Work instruction: Return only the lines from the start of the records through the line that contains "William i Kate", inclusive; leave out all pictures.
═══ Records provided
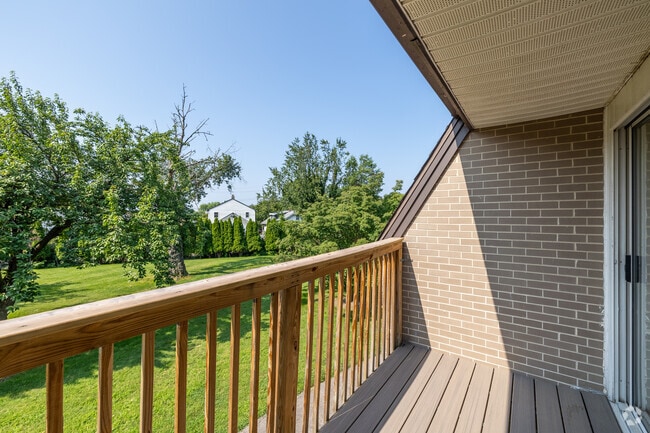 1BR, 1BA - 720SF - Balcony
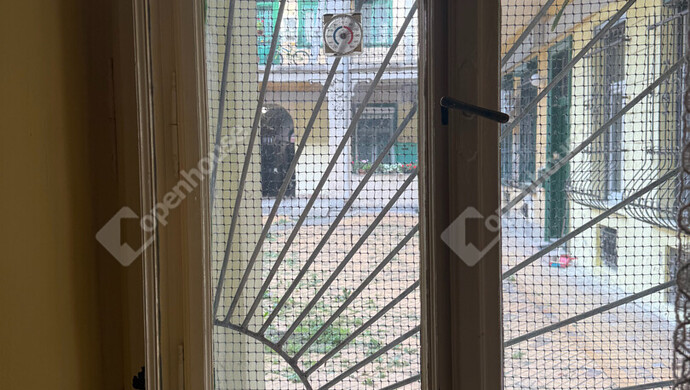 9. kép | kilátás a bejárati részre | Eladó Társasházi lakás, Budapest VI. Ker. (#176843)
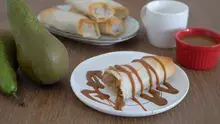 Nems poires sauce au lait concentré caramel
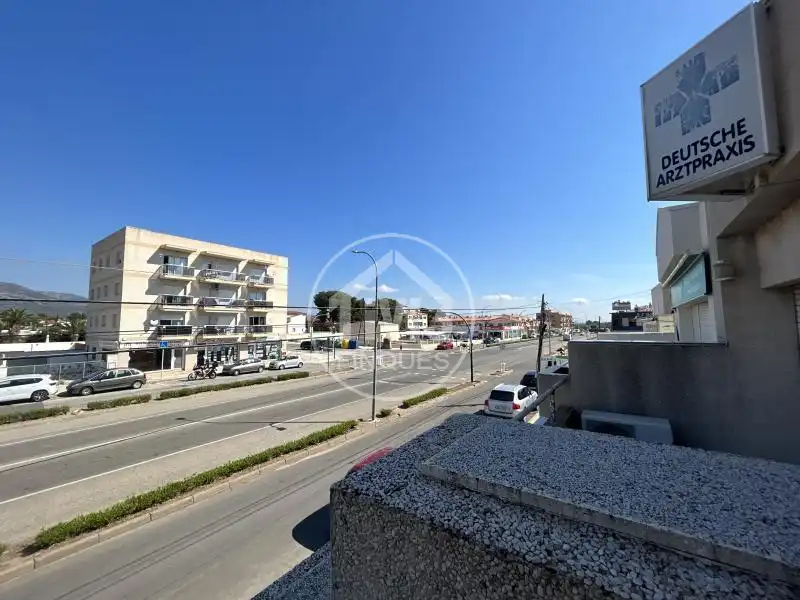 Vista exterior de Apartamento en venta en Mont-roig del Camp con Aire acondicionado y Amueblado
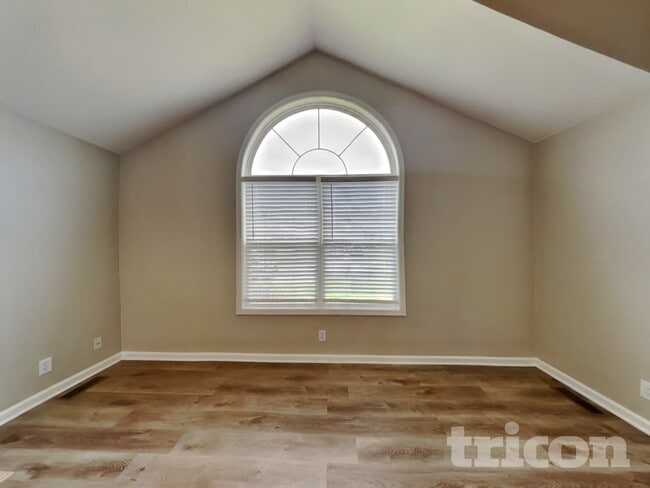 Building Photo - 1908 Sherman Court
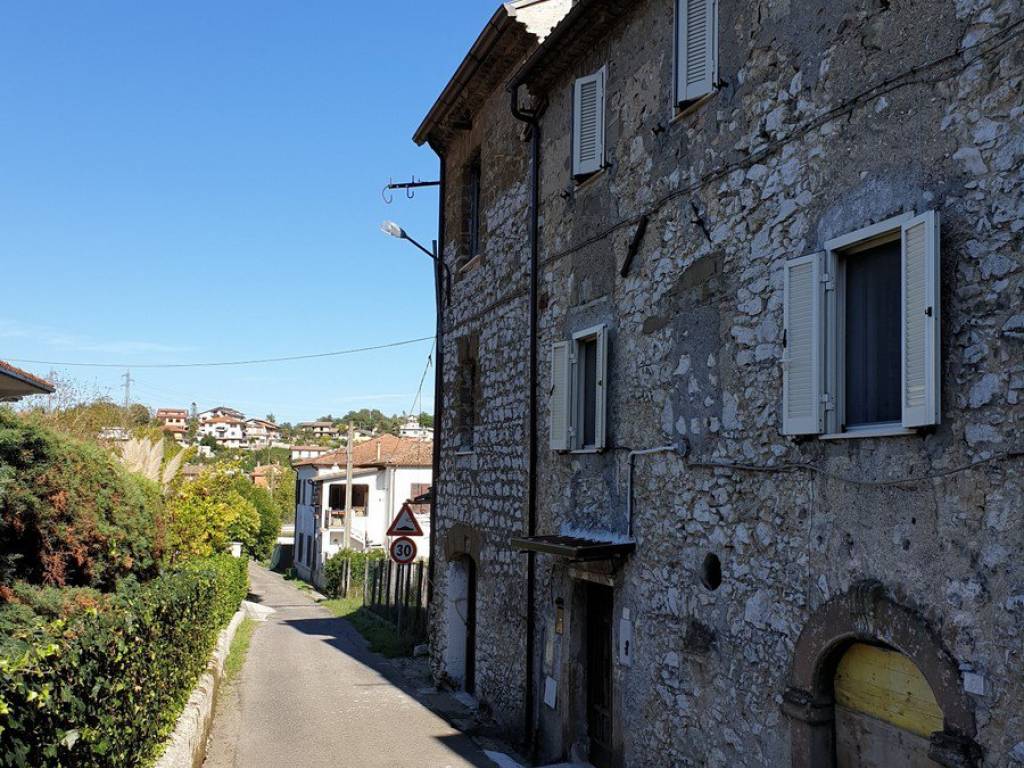 Casa indipendente a Ceccano in Via Mola Vecchia - Foto 5
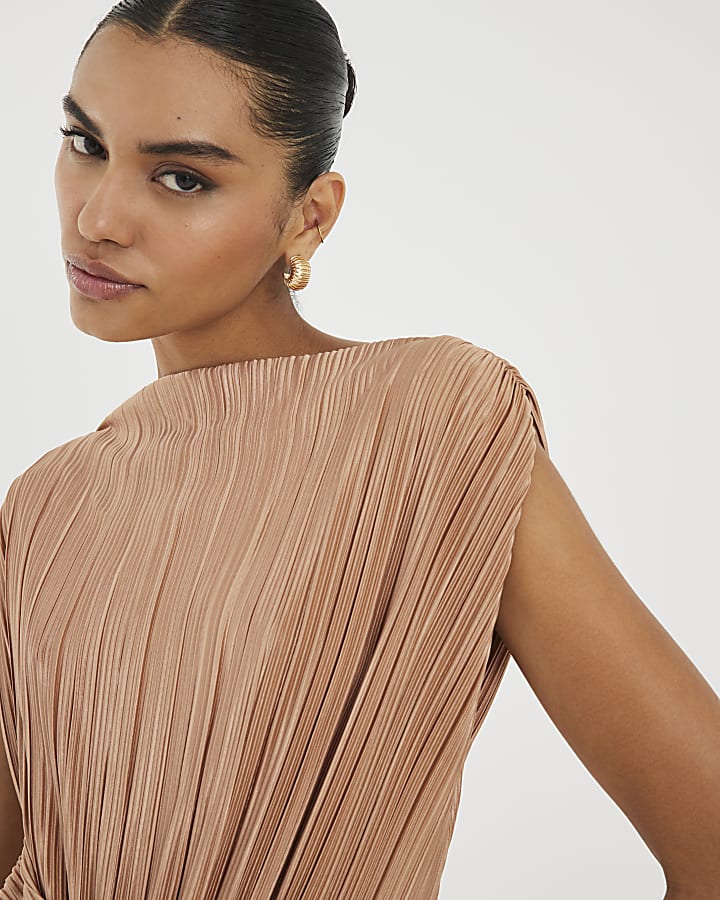 Beige Sleeveless Plisse Wrap Waist Midi Dress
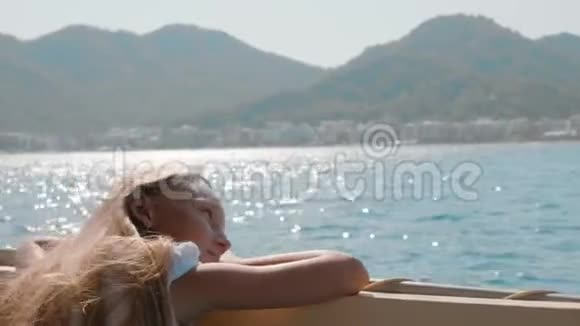 海上航行时坐在船上看水的女汉子视频的预览图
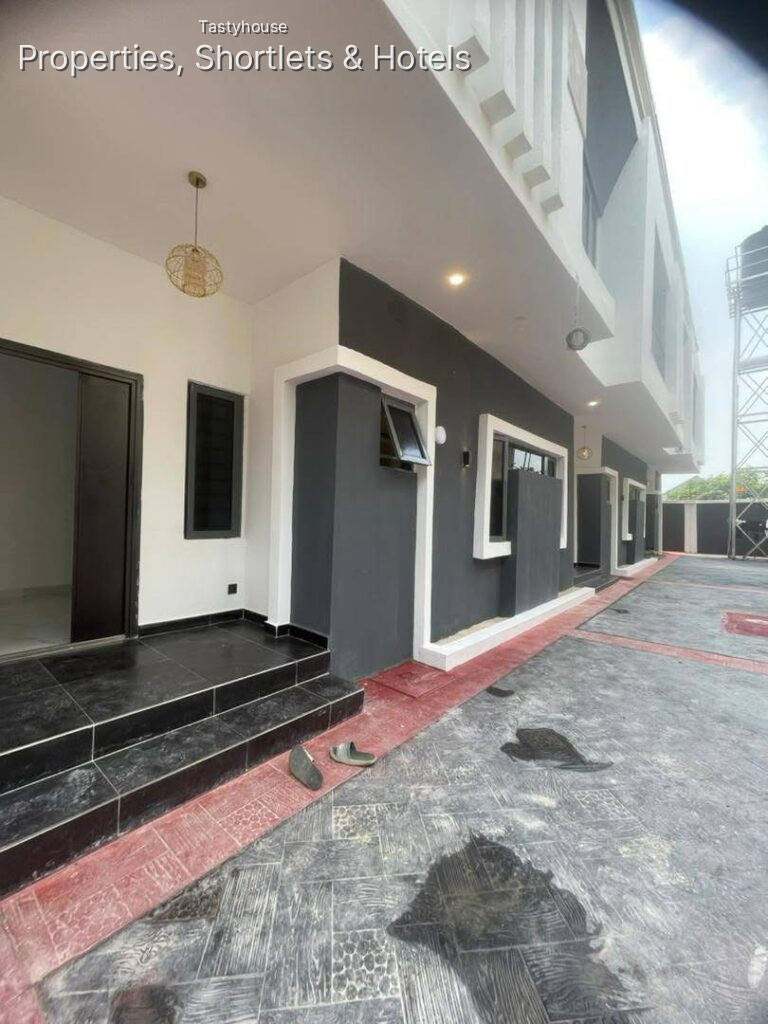 2 and 3 Bedrooms Duplex with federal light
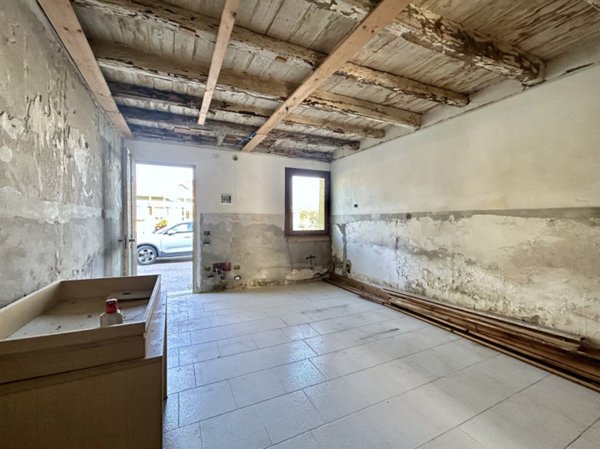 casa semindipendente in vendita a Bonavigo in zona Orti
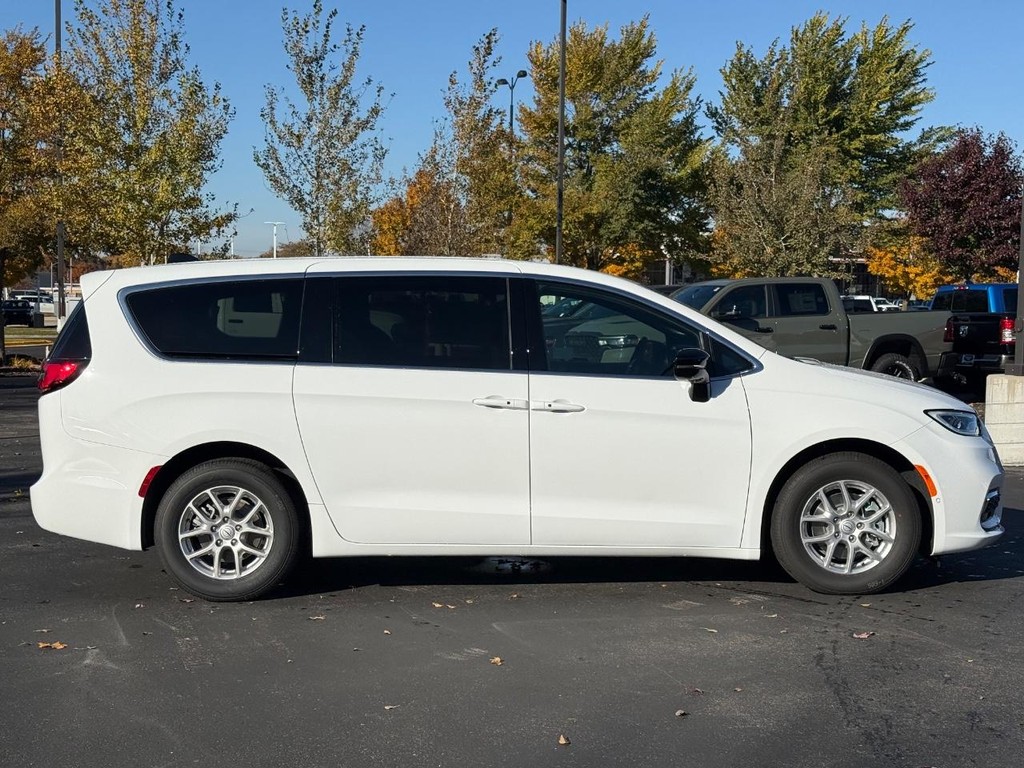 Chrysler Pacifica Vehicle Full-screen Gallery Image 03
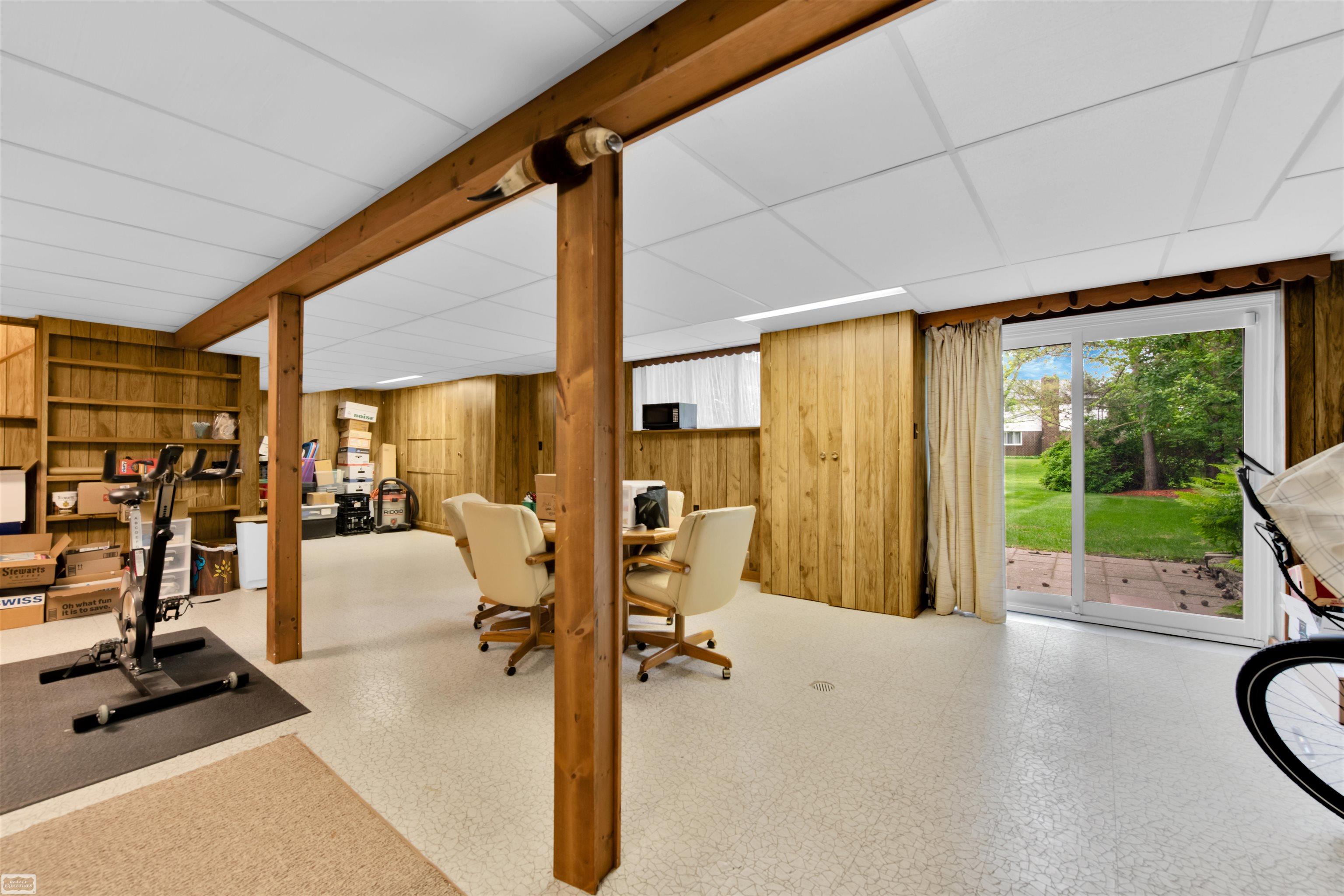 2401 Chalet Drive Rochester, MI 48309 - Photo 35 of 45 50176330-7c22e1f5-4fc2-422e-acc4-050072d7f69c.JPG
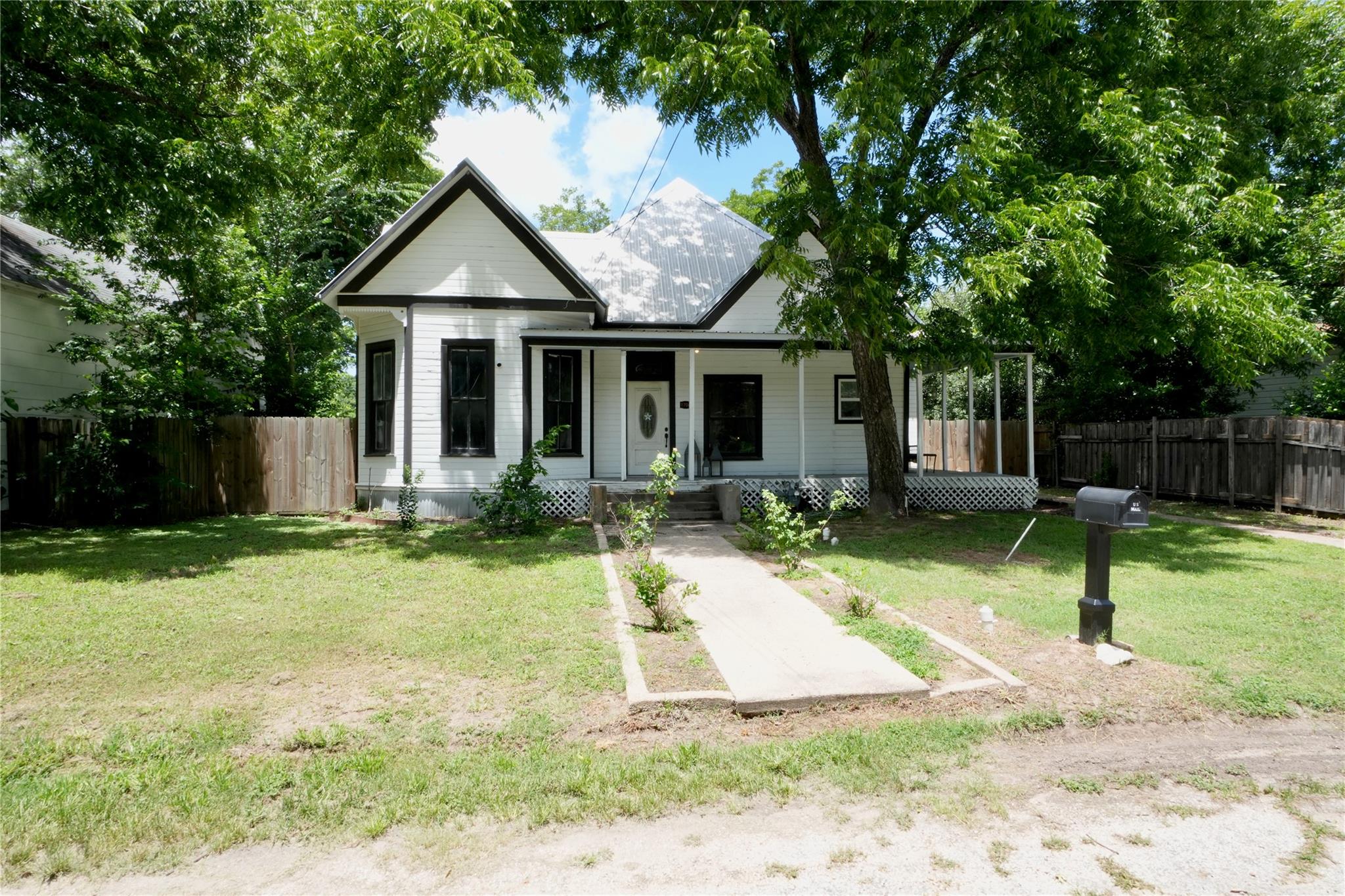 1704 Houston Ave
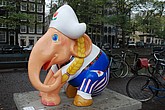 105 dutch lady.jpg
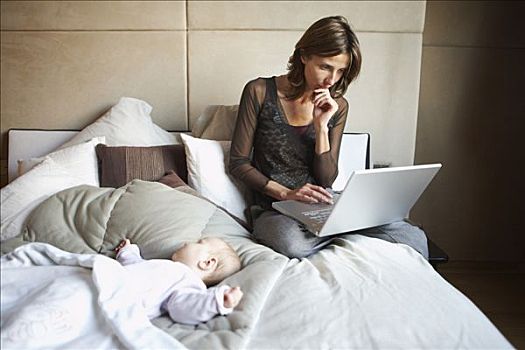 女人,婴儿,笔记本电脑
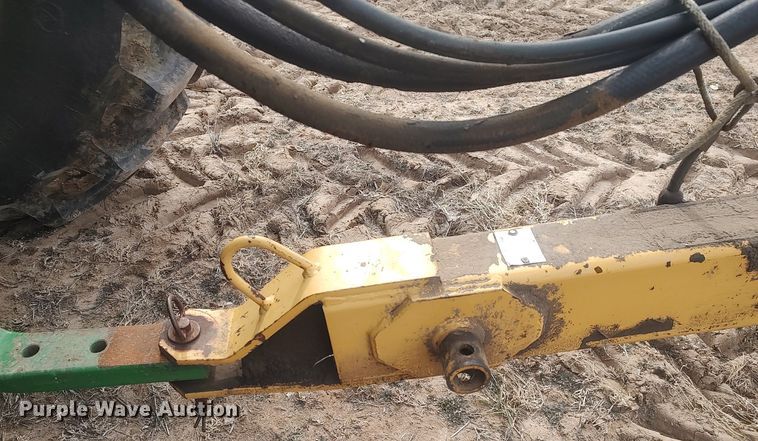 image for item DO3778 Vermeer R23  hay rake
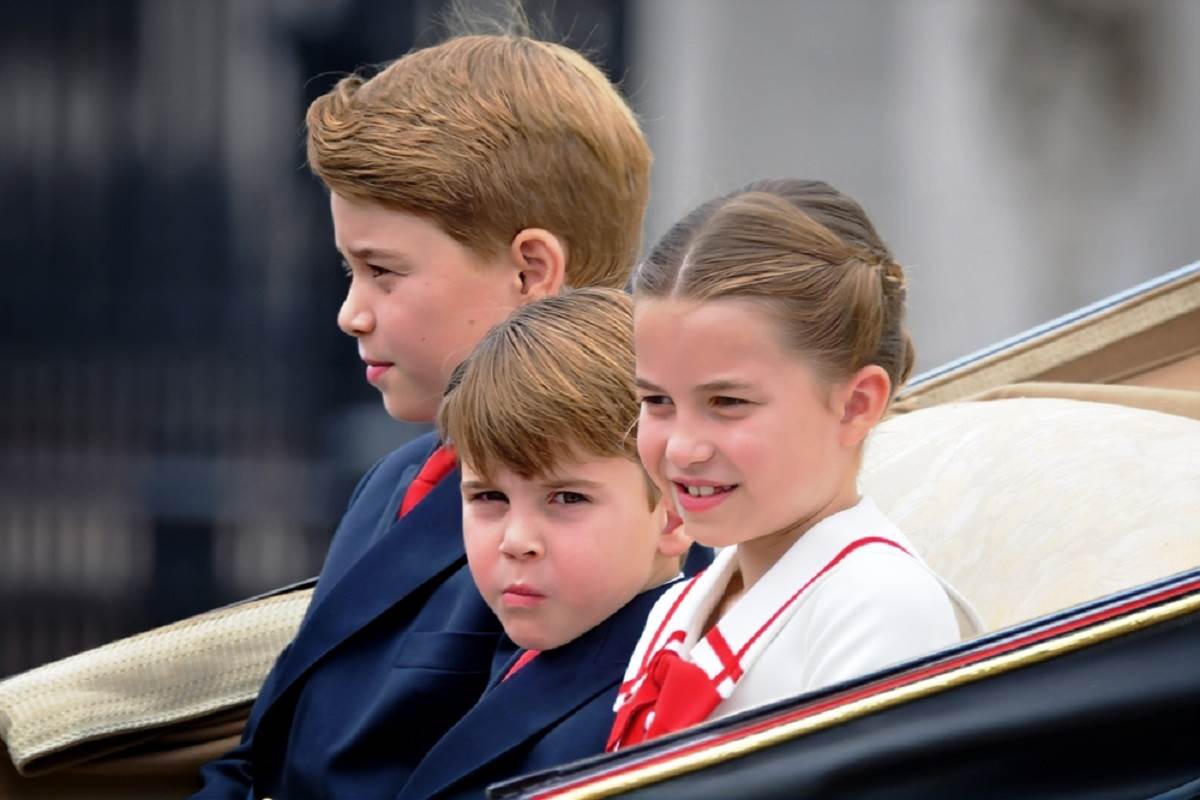 William i Kate Middleton u prirodi se igraju s djecom Georgeom Charlotte i Louisom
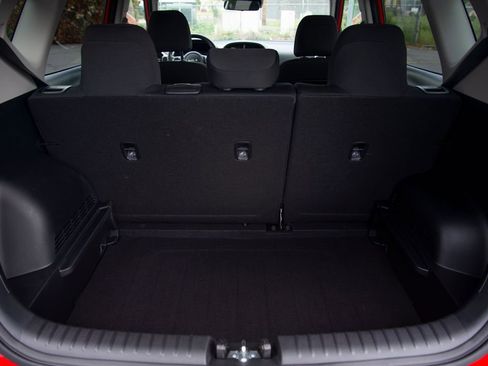 Used 2023 Kia Soul LX w/ LX Technology Package FWD image 18
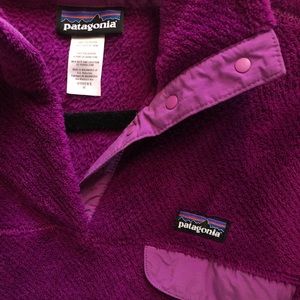 Woman’s Patagonia fleece pullover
══════
Answer to this exercise:
 1BR, 1BA - 720SF - Balcony
 9. kép | kilátás a bejárati részre | Eladó Társasházi lakás, Budapest VI. Ker. (#176843)
 Nems poires sauce au lait concentré caramel
 Vista exterior de Apartamento en venta en Mont-roig del Camp con Aire acondicionado y Amueblado
 Building Photo - 1908 Sherman Court
 Casa indipendente a Ceccano in Via Mola Vecchia - Foto 5
 Beige Sleeveless Plisse Wrap Waist Midi Dress
 海上航行时坐在船上看水的女汉子视频的预览图
 2 and 3 Bedrooms Duplex with federal light
 casa semindipendente in vendita a Bonavigo in zona Orti
 Chrysler Pacifica Vehicle Full-screen Gallery Image 03
 2401 Chalet Drive Rochester, MI 48309 - Photo 35 of 45 50176330-7c22e1f5-4fc2-422e-acc4-050072d7f69c.JPG
 1704 Houston Ave
 105 dutch lady.jpg
 女人,婴儿,笔记本电脑
 image for item DO3778 Vermeer R23  hay rake
 William i Kate Middleton u prirodi se igraju s djecom Georgeom Charlotte i Louisom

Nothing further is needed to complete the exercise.